Awww that duckling is adorable:flrt:


----------



## MrsP (Apr 13, 2008)

When we had runner ducklings (only 2) I kept them in the house, and they would sleep on my shoulders.


----------



## LiamRatSnake (Jul 3, 2007)

MrsP said:


> When we had runner ducklings (only 2) I kept them in the house, and they would sleep on my shoulders.
> 
> image


:gasp: That's not fair. I want.


----------



## MrsP (Apr 13, 2008)

LiamRatSnake said:


> :gasp: That's not fair. I want.


Somebody else did. Just before Christmas they went through the hedge and never came back. We've plugged the gap and had no more wanderers but I'm gutted about Crispy and Orange (as they were known to us).


----------



## LiamRatSnake (Jul 3, 2007)

MrsP said:


> Somebody else did. Just before Christmas they went through the hedge and never came back. We've plugged the gap and had no more wanderers but I'm gutted about Crispy and Orange (as they were known to us).


Oh dear, I'm sorry about that


----------



## samurai (Sep 9, 2009)

Shell195 said:


> Aww a crested duck, *dont you just love birds that wear hats*:flrt:


lol thats the first thing i thought when i saw the pic, nice ducks!


----------



## MrsP (Apr 13, 2008)

I only found out after we got Aretha that the crest is a result of a cranial deformity.

The males love it, gives them something to hang onto while mating.


----------



## LiamRatSnake (Jul 3, 2007)

MrsP said:


> I only found out after we got Aretha that the crest is a result of a cranial deformity.
> 
> The males love it, gives them something to hang onto while mating.


They're not exactly gentle lovers are they lol


----------



## MrsP (Apr 13, 2008)

We spent last summer wetting ourselves watching Dick and Crispy chasing the girls around.
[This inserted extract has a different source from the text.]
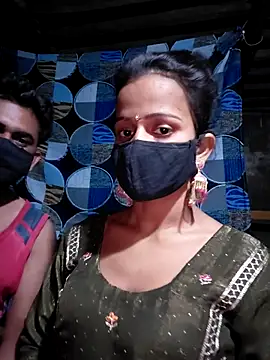 Snapshot of Fullyloadedvid chatting on December 17, 2025, 3:50 pm Fullyloadedvid online show from December 17, 2025, 3:50 pm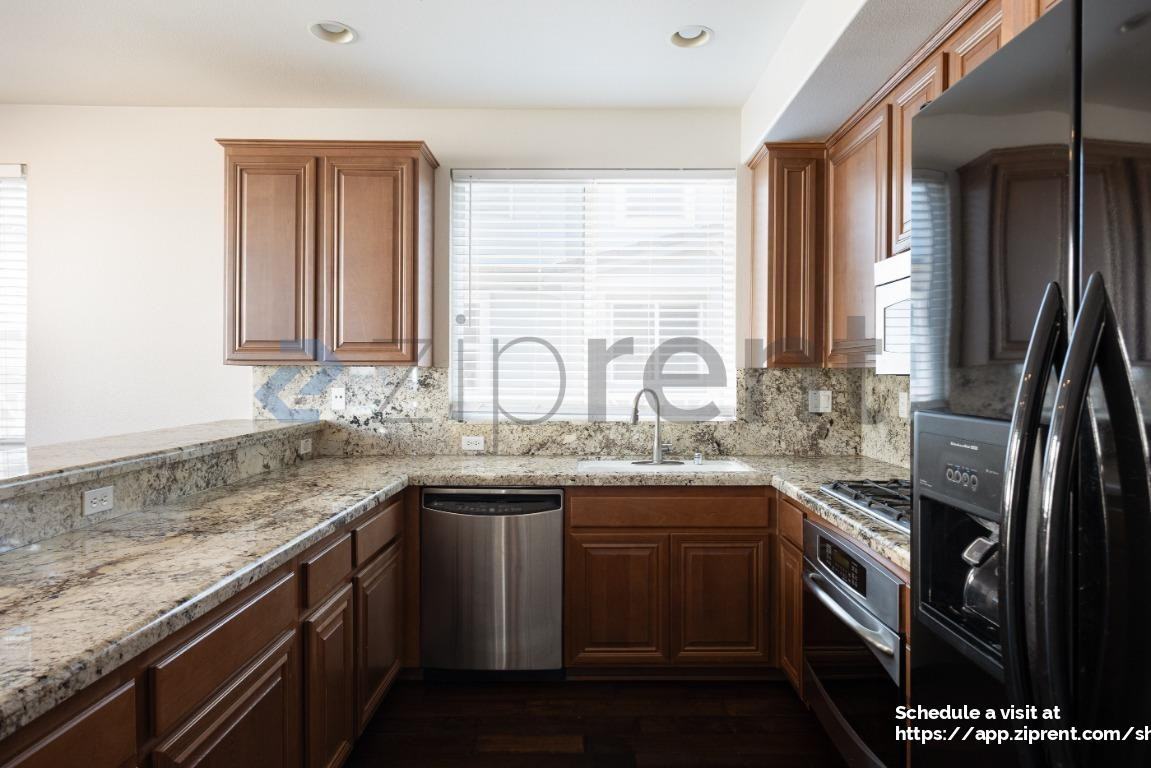 3048 Beachwood Bluff Way - Photo 5 of 21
They even did the female goose whenever they got the chance - and the chickens! Ducks are randy buggers.


----------



## Funky Feathers (Dec 22, 2013)

*stolen pic*



gazz said:


> The ducklings are so cute:flrt:.
> image


Ummm, excuuse me, but this is MY pic of MY duckling! I want to know who stole it off my website in 2010. :bash:


----------